11.15. Entire Agreement. The Terms, incorporated by reference herein and including this Agreement, set forth the entire understanding of the parties with respect to the subject matter of this Agreement and supersede any and all prior oral and written understandings, quotations, communications and agreements. In the event of a conflict between this Agreement and the other Terms, this Agreement shall control.

11.16. Amendment.
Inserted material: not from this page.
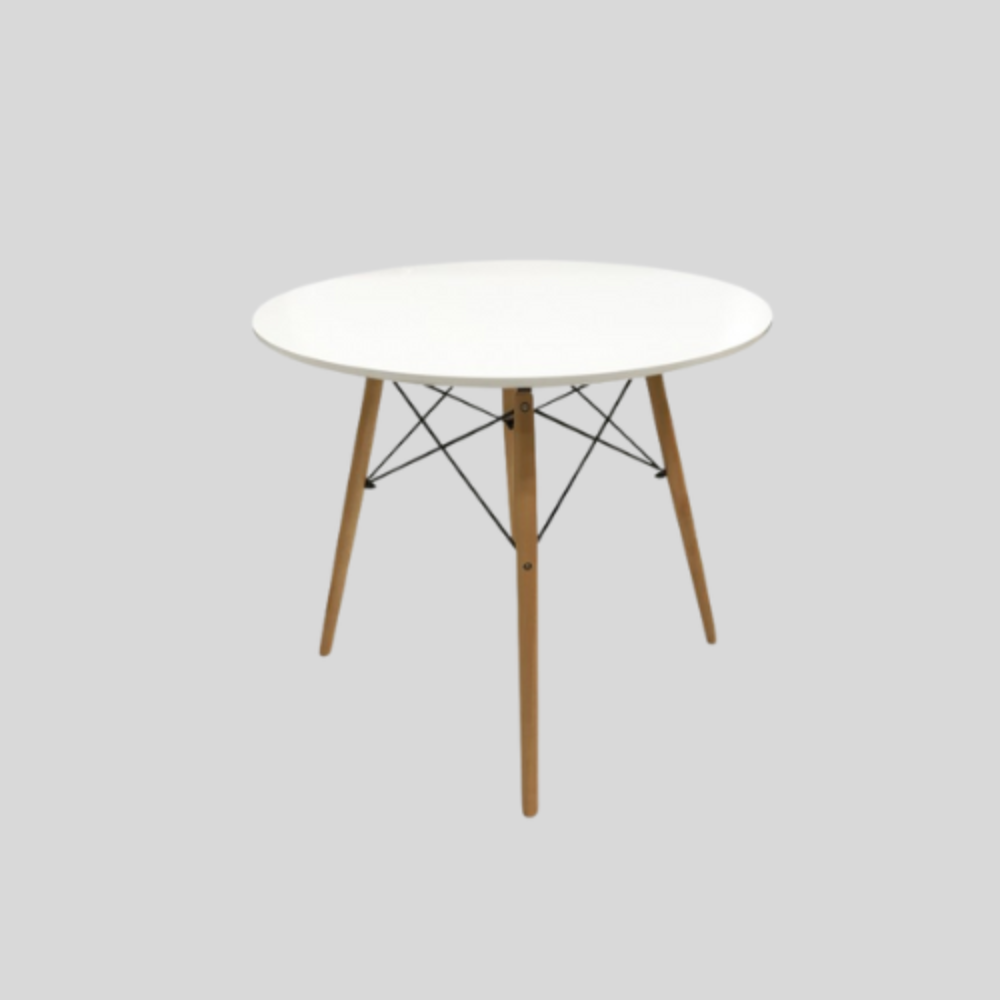 Mesa redonda Dinamarca blanco (80x75 cm)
This Agreement may not be amended or modified except by a written instrument signed by authorized representatives of both parties. Notwithstanding the foregoing, Company retains the right to revise the terms and conditions of this Agreement at any time, so long as the revisions are reasonable and consistent with industry practices, legal requirements, or the requirements of any third-party suppliers or providers.

CheqrPay
Services Agreement
SCHEDULE A

Client’s access to and use of CheqrPay is subject to the following terms:

1. Setup Fee $0: for Client onboarding, payable on the Effective Date.

2. Transaction Fees:

  Credit Card Payments: 4% + $.30
  ACH Payments: 2%

3. Applicable Taxes: Client shall pay all applicable taxes in addition to fees described herein.

4. Authorized Users: Client shall not designate greater than five Authorized Users unless Company otherwise agrees in writing.